El cambio climático influye en la severidad de eventos extremos, como la lluvia del pasado 7 de marzo en la ciudad del sur bonaerense. Los últimos datos disponibles por parte de la Organización Meteorológica Mundial (OMM), publicados el 19 de marzo, explican que 2024 fue el año más caluroso de la historia. En tanto, los diez años más calurosos jamás registrados se han producido entre 2015 y 2024. La lluvia que cayó sobre Bahía también tiene que ver con esto: ya existe un primer estudio científico sobre las condiciones meteorológicas que provocaron la catástrofe. «Interpretamos las inundaciones de marzo de 2025 en Argentina como un evento impulsado por condiciones meteorológicas excepcionales cuyas características pueden atribuirse principalmente al cambio climático de origen humano», dice el trabajo.


Federovisky insiste: el cambio climático introduce como novedad la persistencia y la mayor recurrencia de eventos extremos. «Si la vulnerabilidad es creciente y los eventos son cada vez más extremos, estamos frente a una situación de altísimo riesgo». Si a todo eso se suma un Gobierno nacional negacionista, el problema se multiplica. La negación del cambio climático no queda solo en la retórica: además de palabras, hay decisiones políticas que están desmantelando desde el día uno la institucionalidad ambiental argentina.


Adaptar las ciudades, un camino para recorrer

La urgencia que plantea el calentamiento del planeta impone una acción concreta de adaptación en los territorios, con las ciudades como foco: el problema es global, pero los efectos se sienten de manera local. Para Federovisky, en Argentina «no estamos preparando nuestras ciudades porque impera la lógica del fatalismo desde el Estado, el “yo no puedo hacer nada”». Ante este escenario, solo se trabaja en el momento de la emergencia, algo que es imprescindible pero que no sirve a la hora de reducir o mitigar los impactos de eventos cada vez más severos.

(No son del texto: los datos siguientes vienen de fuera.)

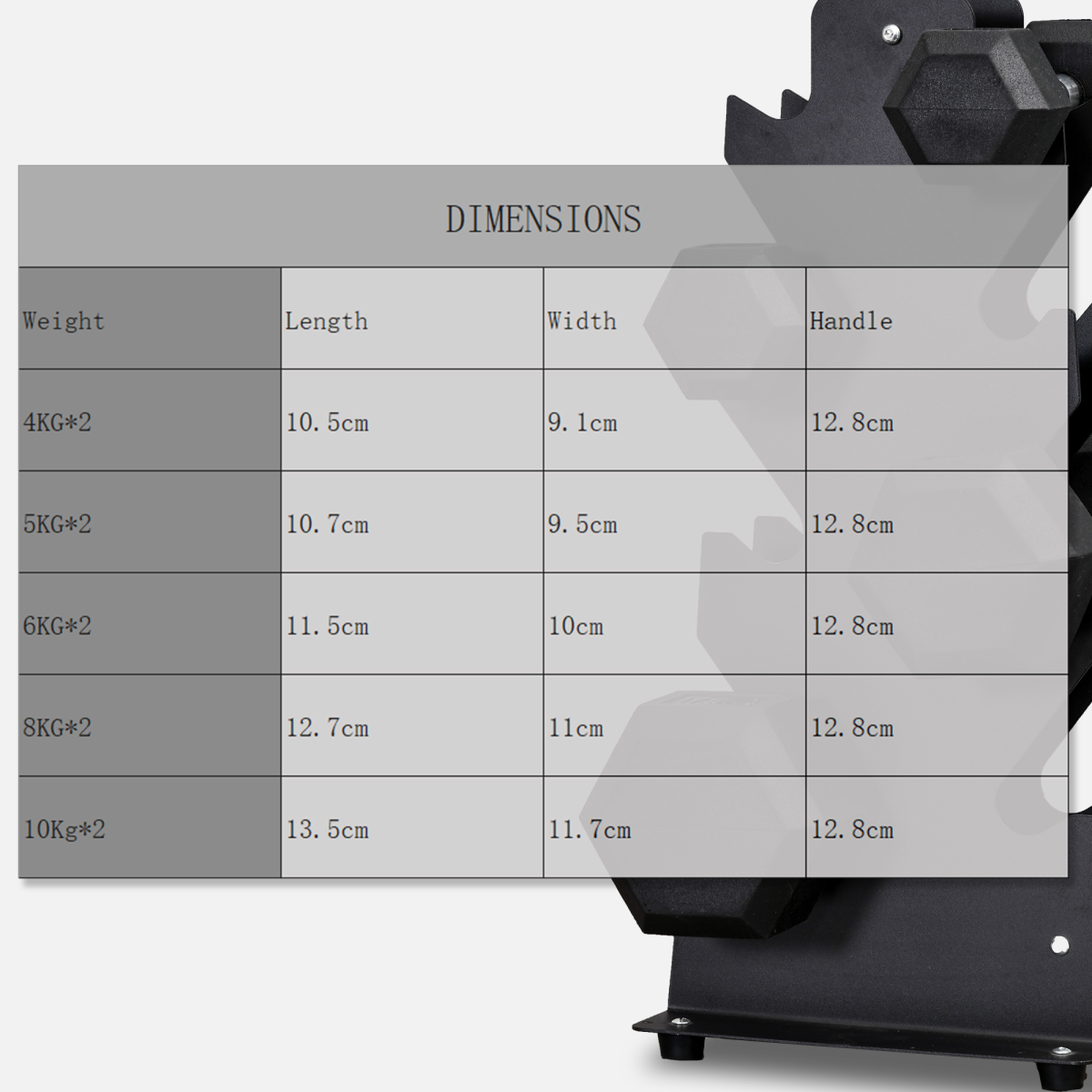 https://avasamnew.s3.amazonaws.com/product/GB010126/S0671080843/7.png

​​​​​​​El cambio climático existe, así como las estrategias para hacerle frente e intentar reducir al máximo sus impactos sobre las poblaciones locales. Para eso hace falta voluntad política, planificación a mediano y largo plazo, compromiso social y financiamiento: todos los elementos que, en la Argentina libertaria, quedan cada vez más lejos.